No, \(\left(AB-BA\right)^2\) must be a scalar matrix, which means \(AB-BA\) must satisfy \(a_{11}=-a_{22}\), then \(|a_{11}|=|a_{22}|\)

But if \(n>2\), there are more than 2 elements in the main diagonal and can't satisfy \(|a_{11}|=|a_{22}|\)

\(CP^2=\begin{pmatrix}e & f\\ g & h\end{pmatrix}\begin{pmatrix}p^2+qr\end{pmatrix}\begin{pmatrix}1 & 0\\ 0 & 1\end{pmatrix}=\left(p^2+qr\right)\begin{pmatrix}e & f\\ g & h\end{pmatrix}\begin{pmatrix}1 & 0\\ 0 & 1\end{pmatrix}=\left(p^2+qr\right)\begin{pmatrix}e & f\\ g & h\end{pmatrix}\)

Answer the following questions:

Rate the difficulty of the given problem on a scale of 1-9. (1 - very easy, 9 - very hard)

Options: 1 2 3 4 5 6 7 8 9

How confident are you that you answered correctly, on a scale of 1-9? (1 - not confident at all, 9 - very confident)

Options: 1 2 3 4 5 6 7 8 9

If you think you were right, what helped you answer correctly?

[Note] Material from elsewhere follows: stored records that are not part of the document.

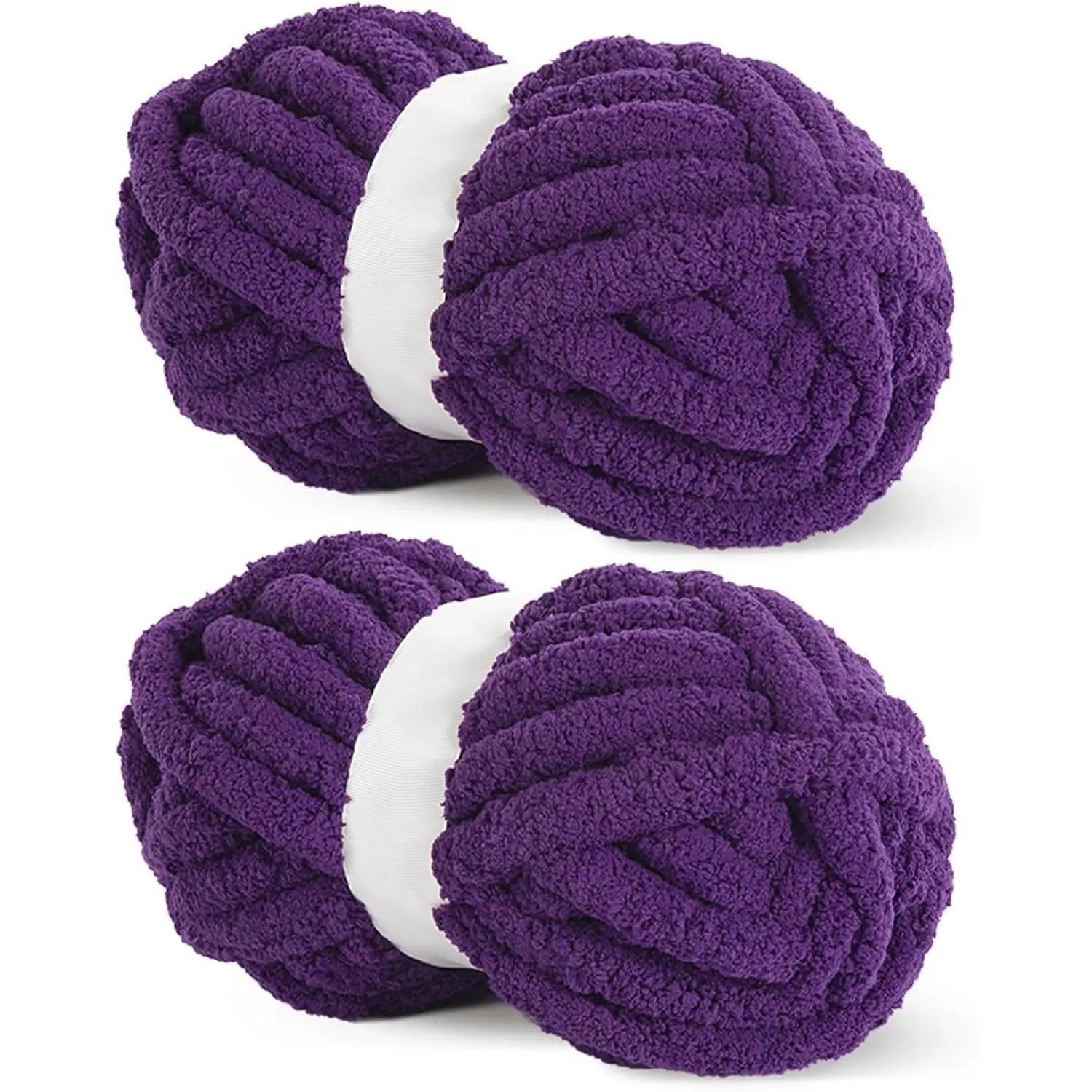 Dark Purple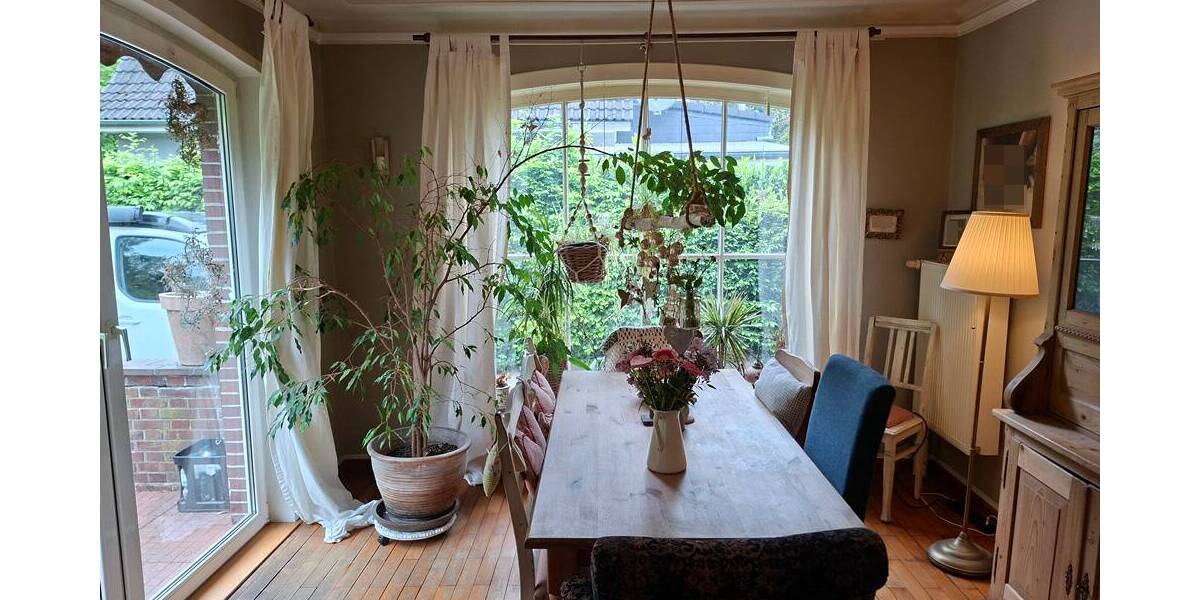 Einfamilienhaus Itzehoe - 5 Zimmer, 125 m&sup2;, 289.000&euro; | Angebot:26686400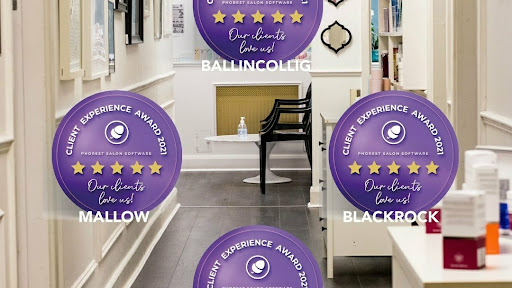 All About Gorgeous, Ballincollig in Cork, Co. Cork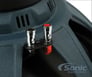 Soundstream RUB.152 Image 5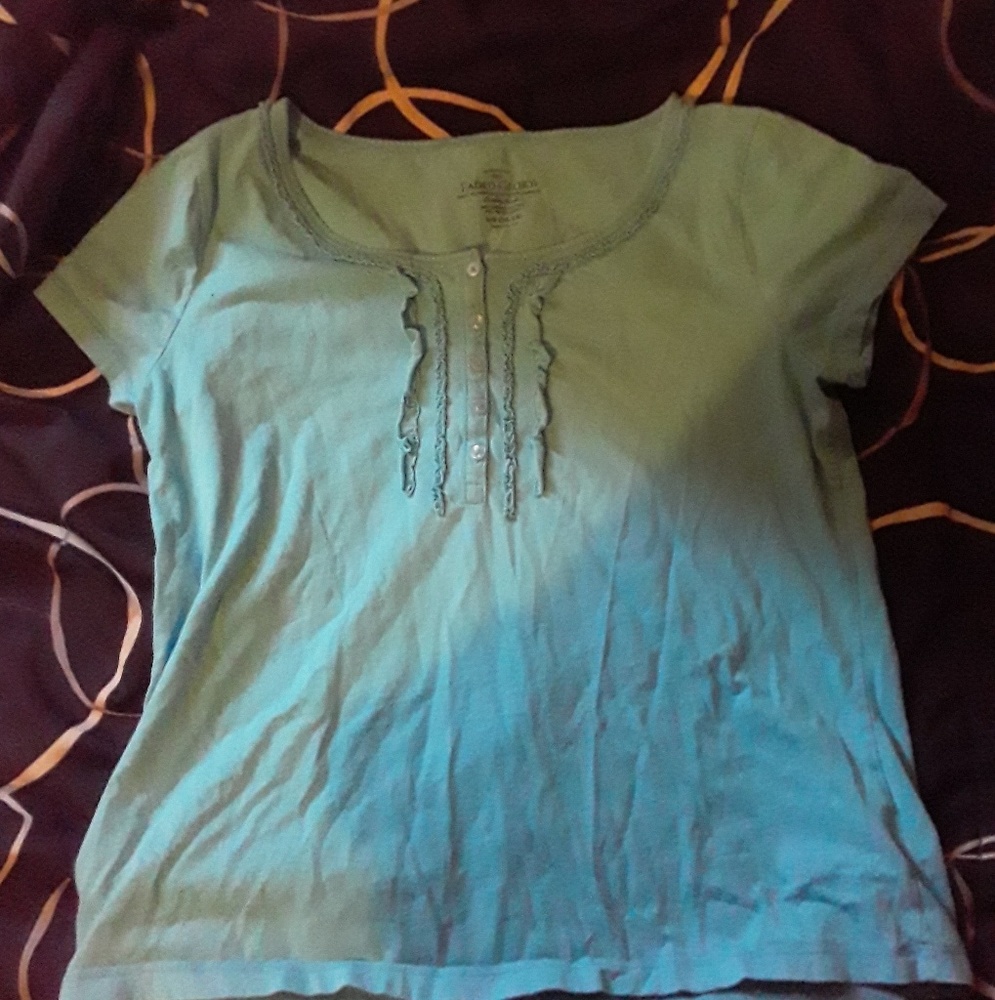 T Shirts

If you think you were wrong, what could have helped you answer correctly?

The problem a and b hint me how to deal with problem c. They have the similar form but at the first time it is hard to discover. And if i consider that: the problem given me above must have some function, then i finally discover its function.
What skills are necessary in order to succeed in the course?

Generalization ability. We need it to generalize a more general method or thought to deal with a lot of questions based on fewer samples. And this also promotes our efficiency.

Ability to observe questions effectively, Sometimes the hint of questions is in themselves. We need cultivate this ability to let us solve the problem.